Bir bulut geçiyordu senin gözlerinden.
Oturuyorduk; ben kızgın çölüm, sen yıldızsız göğünle."
1 ay hiç konuşmadılar, kızın birkaç kere konuşma çabası dışında. onun için bir özür melodisi bile bestelemişti ve
ona aldığı tatlıyı hediye paketi yapmıştı.
masumiyet öldü.
neden sonra, tekrar görüşmeye başladılar. sebepsiz bir sebebi vardı; hikayenin başlangıcı, devamından daha
önemli değil.
bu defa sevgili olarak değil, arkadaş olarak başladılar. dans ettiler. dans etmeyi öğrettiler ve dans etmeyi
öğrendiler.
sürekli yapılan ve bozulan evrenin, zamandan kaçan zerresiydiler.
yapılan ve bozulan,
olunan ve kaçılan,
bilinen ama anlanmayan,
varlık ve yokluk.
"Bir kesit kalmıştı geriye şimdi o evden
Eski bir yaşantıyı simgeleyen"
hep başkalarıyla oldular. kendilerini yapıp bozdular. çünkü "her tercih bir dışlama"dır.
bir seçim yaptılar. sonra bir seçim daha. kendilerine sıktılar, çünkü insan aslında "20li yaşlarında kendine sıktığı
bir kurşunla ölür". yıkıcıydılar, yıkıldılar.
"Yıkıcılar geldiler;
Düştü gürültüsüyle yüzü köhne evin,
Göründü bazı odaları ve iç duvarları."
şimdi hala kendilerine sıkıyorlar. artık birbirlerine de. neden bu inat ve savaş? kendileriyle ve birbirleriyle? ve ikisi de bunu sürdürmekte neden
bunca ısrarlı? aynı oldukları için herhalde. istanbulda reklamcılık yapan hamburglu bir kız, yıllar sonunda
memleketine dönmeden önce demişti burada tanışıp birlikte döneceği arkadaşı için "biz aynıyız, O benim taşaklı halim".
bir yandan da çok saçma herşey, anlamsız. çocukça. erimekte. hiç bitmemecesine.
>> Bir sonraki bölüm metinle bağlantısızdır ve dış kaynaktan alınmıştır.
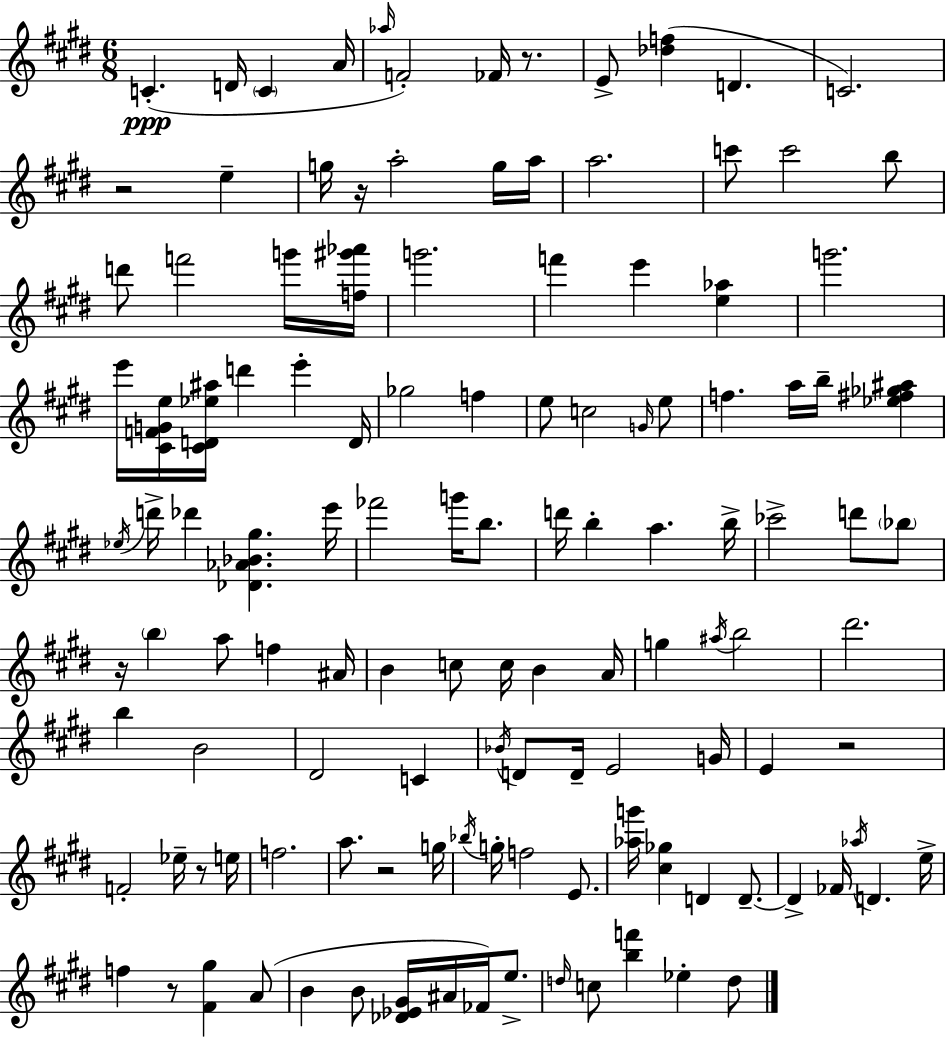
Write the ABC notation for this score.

X:1
T:Untitled
M:6/8
L:1/4
K:E
C D/4 C A/4 _a/4 F2 _F/4 z/2 E/2 [_df] D C2 z2 e g/4 z/4 a2 g/4 a/4 a2 c'/2 c'2 b/2 d'/2 f'2 g'/4 [f^g'_a']/4 g'2 f' e' [e_a] g'2 e'/4 [^CFGe]/4 [^CD_e^a]/4 d' e' D/4 _g2 f e/2 c2 G/4 e/2 f a/4 b/4 [_e^f_g^a] _e/4 d'/4 _d' [_D_A_B^g] e'/4 _f'2 g'/4 b/2 d'/4 b a b/4 _c'2 d'/2 _b/2 z/4 b a/2 f ^A/4 B c/2 c/4 B A/4 g ^a/4 b2 ^d'2 b B2 ^D2 C _B/4 D/2 D/4 E2 G/4 E z2 F2 _e/4 z/2 e/4 f2 a/2 z2 g/4 _b/4 g/4 f2 E/2 [_ag']/4 [^c_g] D D/2 D _F/4 _a/4 D e/4 f z/2 [^F^g] A/2 B B/2 [_D_E^G]/4 ^A/4 _F/4 e/2 d/4 c/2 [bf'] _e d/2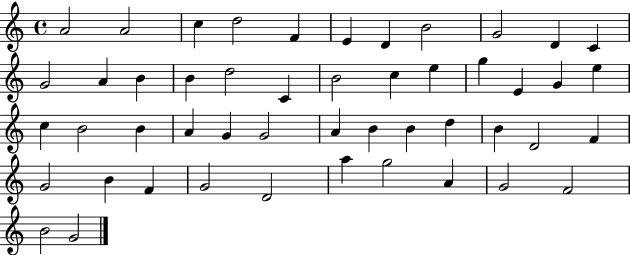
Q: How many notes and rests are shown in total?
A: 49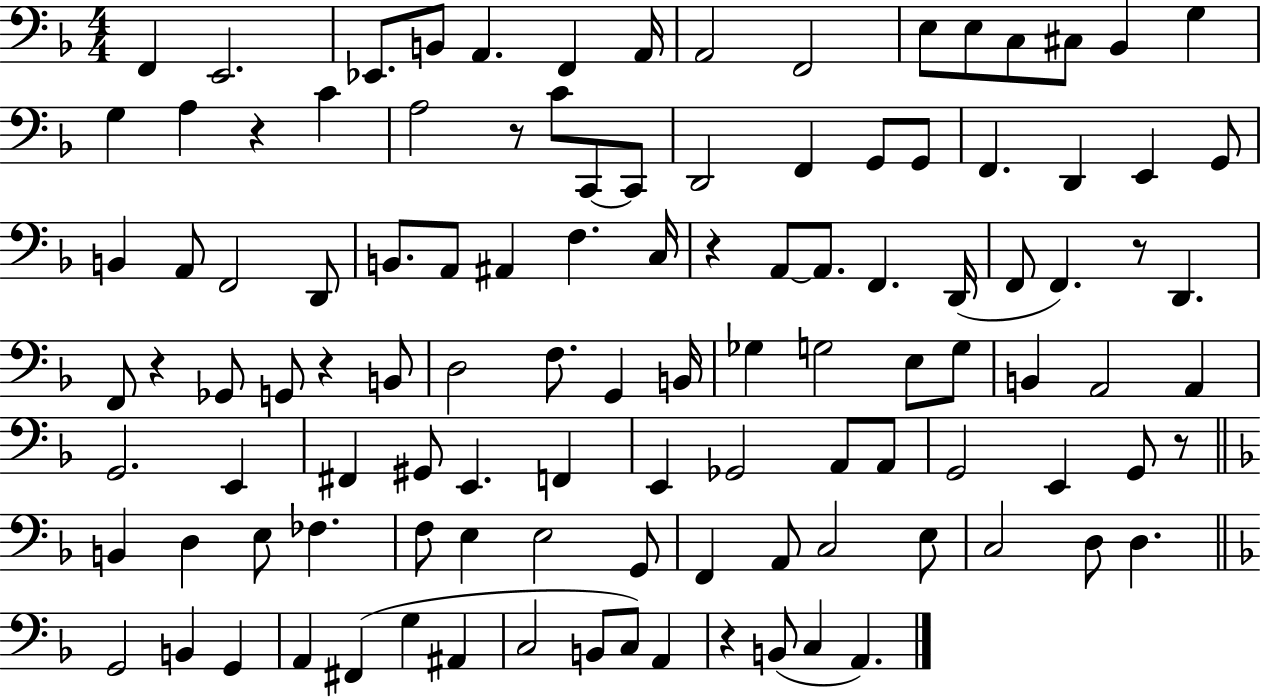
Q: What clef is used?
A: bass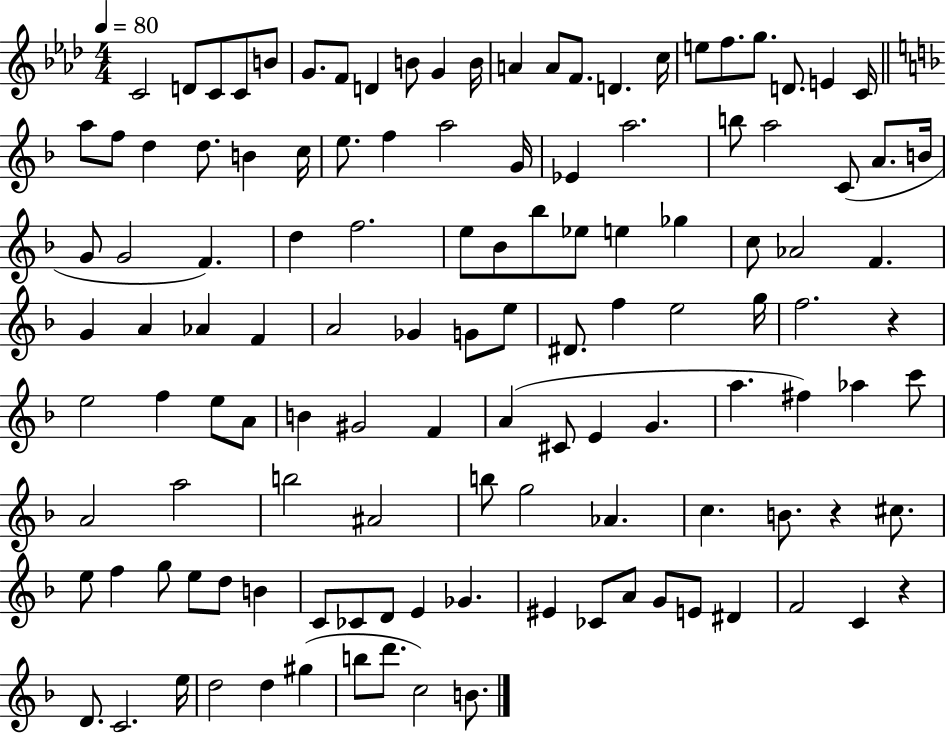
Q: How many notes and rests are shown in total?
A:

"Ve temizleyecekler kazılan yerlerde
Bizden kalan balçığı."
ps. bence gerçekten yıkıldı ve bitti artık, taşıyamıyorum ben bunu. kendini doğrulayan kehanet gibi, biteceğini biliyordum ve bitirdim sanırım, yanlışlar ve yanlışlarla :(
çünkü "
Her insan ayağının sürçeceği o melun taşı kendi içinde taşır" Heinrich von Kleist
*tırnak içindeki mısralar Metin Altıok'un Yıkıcılar Geldiler şiirinden alınmıştır.